In above-mentioned steps F, keyboard amendment alter mode is specially: for the voice of input, treatment people is directly dictated by sentence by keyboard entry method, is manually converted to text message.

Further, the file destination check and correction in described step G is: file destination proof-reading is the process revised again generation text, is divided into two steps: basis check and correction, in full check and correction, and check and correction process only generates text-only file, does not comprise composition information;

The check and correction of wherein said basis is the check and correction based on phrase or sentence, single, the several phrase of each combination or fragment voice, by the speech play after combination, and the Word message changed out of corresponding display institute, according to playing voice and shown word is proofreaded;

Described full text check and correction is the check and correction based on paragraph or full text, and the single or several voice messaging in each combination foundation check and correction, by the speech play after combination, and shows corresponding text message, proofread according to broadcasting voice and shown word;

Editor in described step I and typesetting are specially: carry out interpolation punctuate, numeral, line feed, segmentation to the text message determined, add the operations such as large subhead and space;

Generating object file in described step J is also stored as: document, video and the voice messaging packing after check and correction, typesetting is generated three-dimensional integrated electronics integrated document (i.e. file destination) and exports, store.This file can be copied, transmit, and can be opened by audio/video information searching system, browsing and querying, but can not to be modified.

Beneficial effect of the present invention: the leftover problem that the limitation that the invention solves speech recognition is brought, effect is as follows: 1, Real-time Collection audio frequency and video voice messaging, and information acquisition is uninterrupted, and to Millisecond, acquisition rate reaches 100%; Information dropout rate is 0; 2, designed and Implemented a kind of science, easily, feasible method, build the amendment platform of the strong speech text of a human, make operating personnel carry out the rear amendment of speech recognition easily, make voice reach the rate of precision of nearly 100% with the word recorded.Set up speech text science, hommization man-machine interactive system easily; 3, the conversion ratio of speech textization 100% and the rate of precision of more than 99.7% is realized; 4, the electronics integrated document that audio frequency, video, word are three-dimensional integrated is created.

Accompanying drawing explanation

Fig. 1 is for precisely to complete continuous natural-sounding text process flow diagram;

Fig. 2 is file acquisition mode process flow diagram;

Fig. 3 is Streaming Media acquisition mode process flow diagram;

Fig. 4 is place remote acquisition stream acquisition of media mode treatment process flow diagram;

Fig. 5 is that place remote gathers file drainage pattern processing flow chart;

Fig. 6 is audio frequency and video voice messaging text disposal system structural drawing;

Fig. 7 is audio frequency and video voice pretreatment process figure;

Fig. 8 revises platform process figure after speech text.

Embodiment

Be described in detail to technical scheme of the present invention below in conjunction with example, obviously, described example is only a part very little in the present invention, instead of whole examples.Based on the example in the present invention, those skilled in the art, not making the every other example obtained under creative work prerequisite, belong to the scope of protection of the invention.

As shown in Figure 1, be a kind of process flow diagram accurately completing continuous natural-sounding text method that the embodiment of the present invention provides, a kind of method precisely completing continuous natural-sounding text specifically comprises the following steps:

B, audio/video flow or audio-video document are carried out pre-service;

E, to high in the clouds speech recognition engine feedback cut-off adjust;

After H, basis have been proofreaded, proceed check and correction in full;

I, proofreaded in full after, carry out editing, typesetting;

J, carry out file destination storage or save as Word compatible documents.

The present invention applies above-mentioned multi-step, easily occurs erroneous point, solution all targetedly, below will be explained in detail in audio-video document text process.

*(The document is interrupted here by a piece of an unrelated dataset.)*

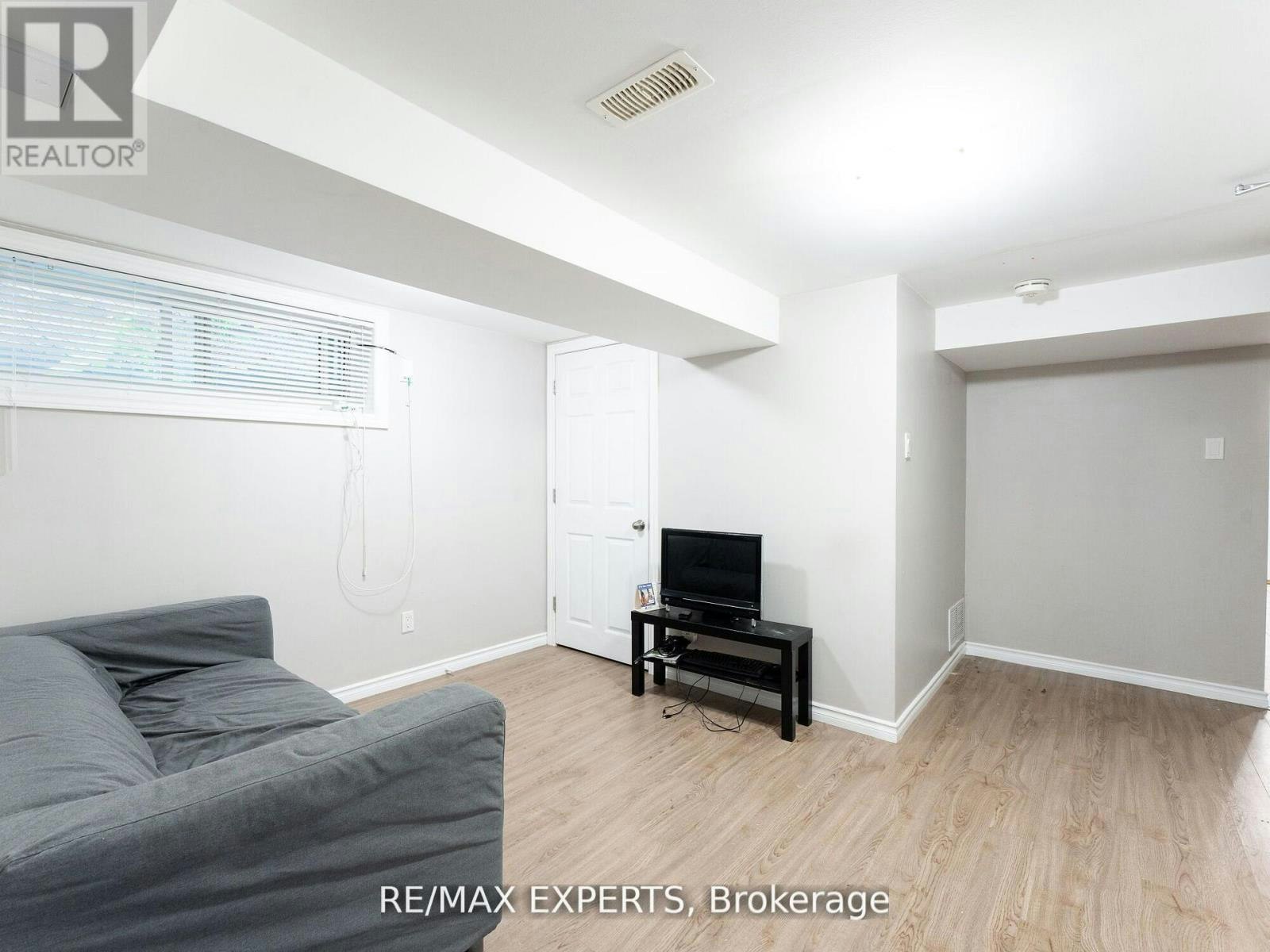 LOWER-32 Twenty Fourth Street, Toronto, ON, M8V 3N6 - 3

Wherein described in steps A, on-the-spot audio/video information acquisition system comprises the audio frequency and video input equipment being connected to computing machine, implements the on-the-spot collection carrying out audio frequency and video voice messaging, then sends disposal system to, carry out text process in real time.

On-the-spot audio/video information collection comprises local collection and place remote gathers two kinds of patterns, the acquisition mode that the collection of described this locality and place remote gather two kinds of patterns includes file acquisition mode and Streaming Media acquisition mode, is illustrated in figure 2 the process flow diagram of file acquisition mode; Be illustrated in figure 3 the process flow diagram of Streaming Media acquisition mode.

I, file acquisition mode

I1: first start, initialization audio frequency and video collecting device, gathers audiovisual presentation and voice automatically by voice capture device microphone and video capture device video camera (head).

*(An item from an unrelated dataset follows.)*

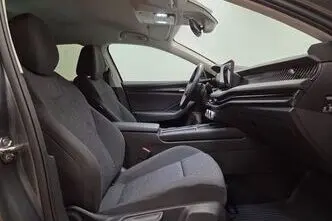 Škoda Superb, 1.5, 110 kW, hybrid, automatic, front-wheel drive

I2: setting gathers duration (minute) arbitrarily, and system preserves into a clip file by the duration of setting automatically, is automatically uploaded to disposal system.

I3: also can start to gather and terminate to gather by manual control, manual control and the mode automatically controlling to combine can also be completed the collection of fragment audio-video document.

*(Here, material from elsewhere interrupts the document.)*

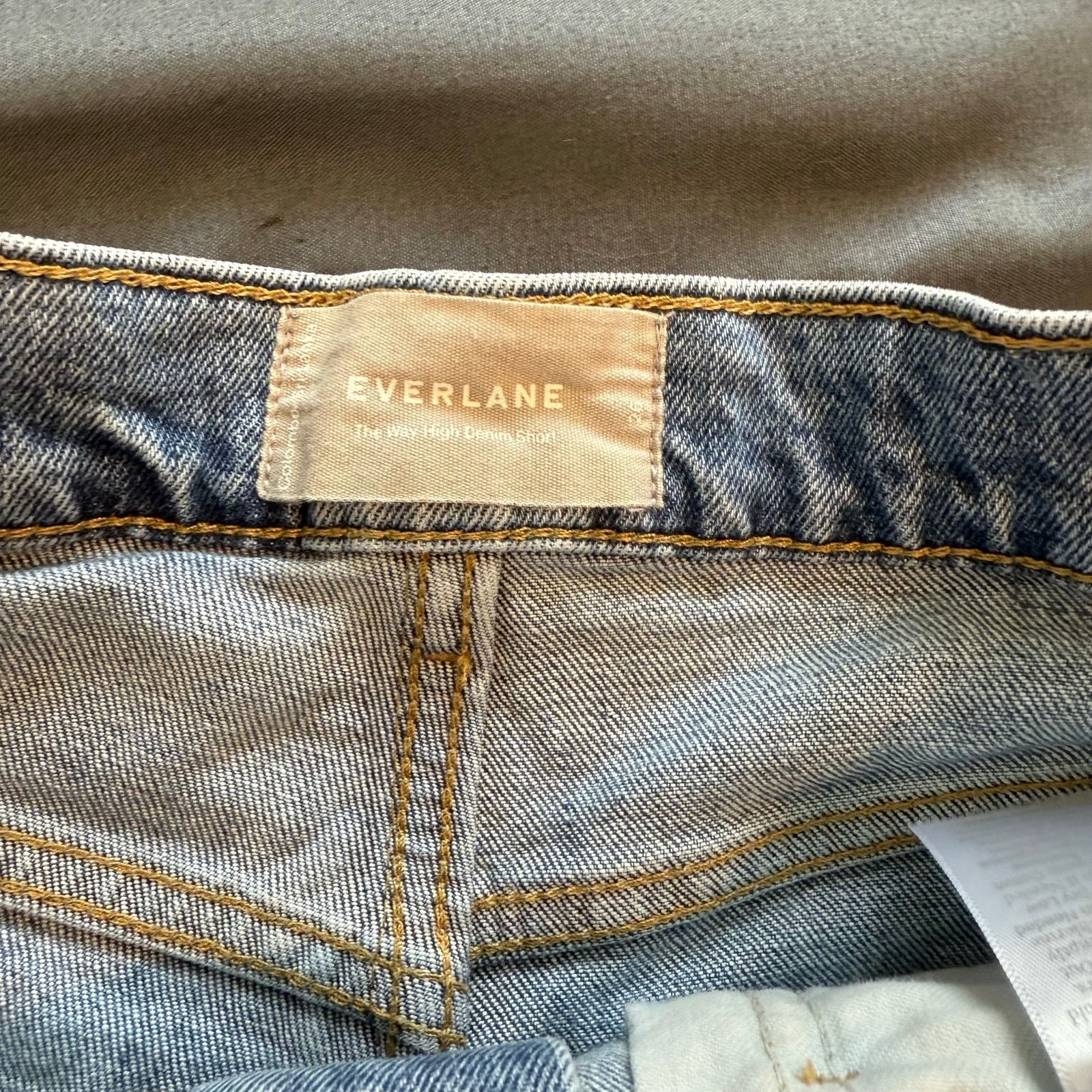Everlane Everlane The Way High Denim Short, Sz 26, High Rise. Lt Wash Size 26" / US 2 / IT 38 - 4 Thumbnail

I4: can input file prefix when manually starting to gather, the prefix of the clip file generated in automatic gatherer process remains unchanged, and manually terminates to gather, and again inputs new prefix when again starting to gather.

I5: the clip file of collection can be merged into a file automatically according to prefix.

I6: can manually select arbitrarily the clip file of some collections to be merged into a file.

I7: system merges the processed clip file completed automatically.

Ii, Streaming Media acquisition mode

Ii1: automatically gather audiovisual presentation and voice by voice capture device microphone and video capture device video camera (head);

Ii2: the audio/video flow will gathered in real time, is uploaded to disposal system.

Ii3: carry out hard disk backup while uploading audio/video flow.

Be illustrated in figure 4 the acquisition process process flow diagram of place remote acquisition system.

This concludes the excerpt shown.